Klager verblijft inmiddels sinds ongeveer acht weken bij de Stichting Exodus. Hij werkt als jongerenwerker in de wijk Kanaleneiland in Utrecht. Dat is een erg intensieve baan. In september 2009 gaat klager een opleiding volgen voor dat werk. Indertijd
heeft klager, toen hij in de veronderstelling was dat hij in aanmerking kwam voor deelname aan een penitentiair programma (p.p.), het volledige schadebedrag voldaan. Als klager geweten had dat hij toen desondanks die betaling niet in aanmerking zou
komen voor dat traject, dan had hij het bedrag helemaal niet betaald. Hij zou dan gewacht hebben tot zijn ontslag uit detentie. De omstandigheid dat hij dan niet in aanmerking zou komen voor een p.p., had daar niets aan veranderd. Klager heeft ook zelf
contact gehad met de selectiefunctionaris. Hem werd toen verteld dat een p.p. pas tijdens het laatste jaar van de detentie mogelijk was. Klager is van mening dat het bureau TR (en dus de directeur) verantwoordelijk is voor het feit dat klager ten
onrechte het bedrag heeft betaald.

Klagers raadsman heeft het beroep (schriftelijk) – zakelijk weergegeven – als volgt toegelicht.
De directeur dient verantwoordelijk te worden gehouden voor handelingen van personeelsleden in het kader van de uitoefening van hun functie. Klager heeft door onjuiste informatie van de TR-medewerker te vroeg stappen ondernomen voor zijn
detentiefasering. Klager is verkeerd voorgelicht. Klager heeft vervolgens, omdat hij wilde deelnemen aan het p.p. de nog openstaande Terwee-vordering in zijn geheel voldaan. Als hem de juiste informatie zou zijn verstrekt, had hij die betaling niet
verricht. Klager heeft thans naar aanleiding van die (foutieve) mededeling van de TR-medewerker ten onrechte een lening afgesloten.

3. De beoordeling
De beklagcommissie heeft het beklag van klager behandeld ter zitting van 15 januari 2009 en zij heeft toen mondeling uitspraak gedaan. Van die uitspraak is geen schriftelijke mededeling aan klager verstrekt en ook is de (uitgewerkte) uitspraak niet op
een later moment aan klager of de directeur gezonden. Een verzoek van het secretariaat om alsnog een uitgewerkte beslissing in te zenden, bleef zonder resultaat. Hoewel het voor de beoordeling in beroep onwenselijk is dat geen schriftelijke vastlegging
en uitwerking van de beslissing op het beklag voorhanden is, zal de beroepscommissie desondanks het beroep inhoudelijk behandelen en er daarbij vanuitgaan dat het beklag gegrond is verklaard en dat aan klager daarbij een tegemoetkoming is toegekend van
€ 200,=.

Bij brief van 11 mei 2009 heeft de raadsvrouw verzocht om aanhouding. Aan haar is te kennen gegeven dat op verzoeken tot aanhouding ter zitting wordt beslist. De raadsvrouw heeft vervolgens haar op schrift gestelde standpunt aan het secretariaat doen
toekomen onder mededeling dat zijn niet ter zitting zal verschijnen. Nu de raadsvrouw haar verzoek niet heeft herhaald en klager ter zitting eveneens niet om aanhouding heeft verzocht, ziet de beroepscommissie, mede gelet op het feit dat het standpunt
van de raadsvrouw ten behoeve van de behandeling ter zitting op schrift is gesteld, geen noodzaak om de zaak aan te houden. Het verzoek daartoe zal daarom worden afgewezen.

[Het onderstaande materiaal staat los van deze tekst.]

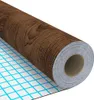 A roll of wood-grain patterned adhesive film is shown on a white background with a grid pattern underneath. Náhľad obrázku produktu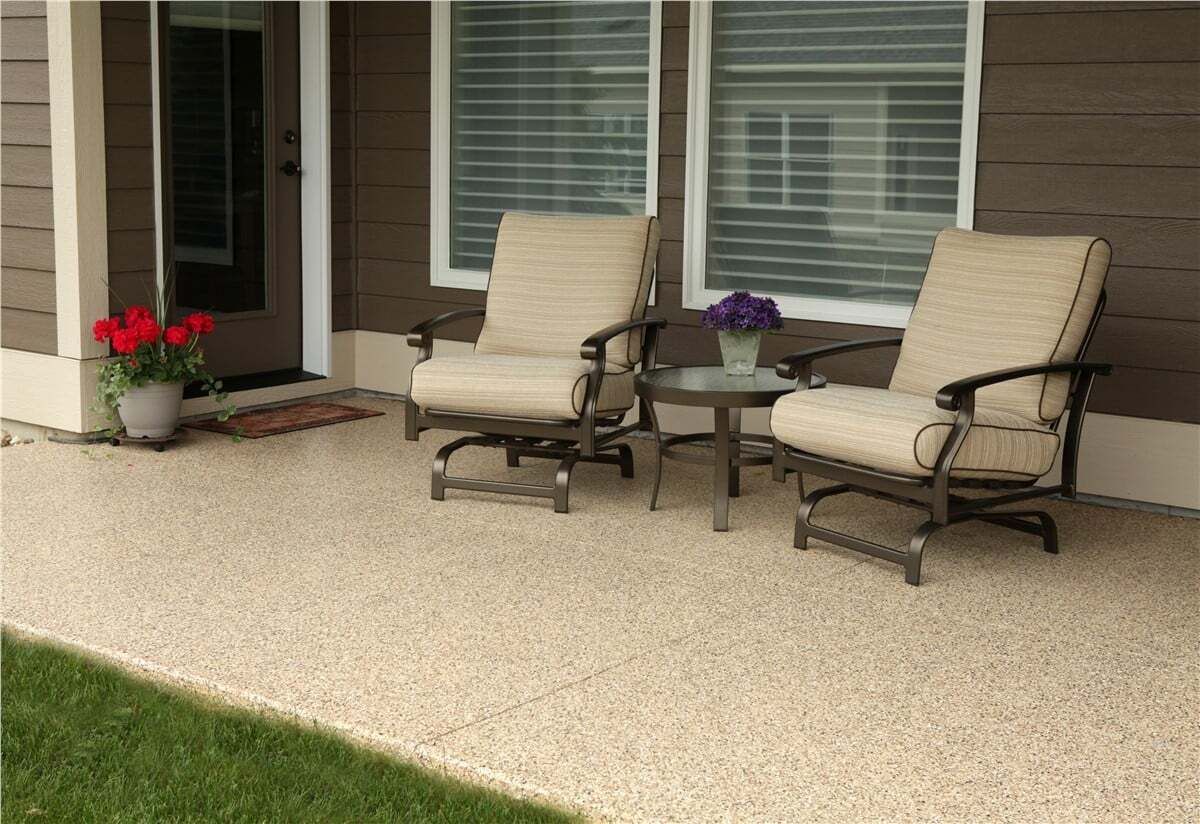 Two beige cushioned chairs on a speckled patio with a small table, door, and potted flowers.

De beroepscommissie stelt voorop dat duidelijk is dat aan klager onjuiste informatie is verstrekt door een medewerker van de inrichting. Nu die medewerker die informatie heeft verstrekt in het kader van de uitoefening van zijn functie kan de mededeling
worden aangemerkt als een beslissing namens de directeur en staat beklag open.
Nu evenwel aannemelijk wordt geacht dat de betreffende medewerker bij de selectiefunctionaris heeft geïnformeerd naar het eerste moment waarop klager een aanvang kon maken met een p.p. en niet weersproken is dat door de selectiefunctionaris daarop een
onjuist antwoord is gegeven, moet worden geoordeeld dat aan de medewerker – en dus ook aan de directeur – niet kan worden verweten dat klager die onjuiste informatie verstrekt heeft gekregen. Nu klager in beroep zijn klacht met name heeft toegespitst
op
de betaling van het schadebedrag, overweegt de beroepscommissie dat voor de vraag of klager gehouden is tot betaling onjuiste inlichtingen als hier aan de orde niet van belang zijn. Van schade tengevolge van een onjuiste mededeling is geen sprake.
De bestreden beslissing van de beklagcommissie kan daarom niet in stand blijven en het beklag dient alsnog ongegrond te worden verklaard.
Nu het beklag ongegrond is verklaard, is er geen aanleiding meer voor het toekennen van enige tegemoetkoming.

4. De uitspraak
De beroepscommissie verklaart het beroep gegrond, vernietigt de uitspraak van de beklagcommissie en verklaart het beklag alsnog ongegrond.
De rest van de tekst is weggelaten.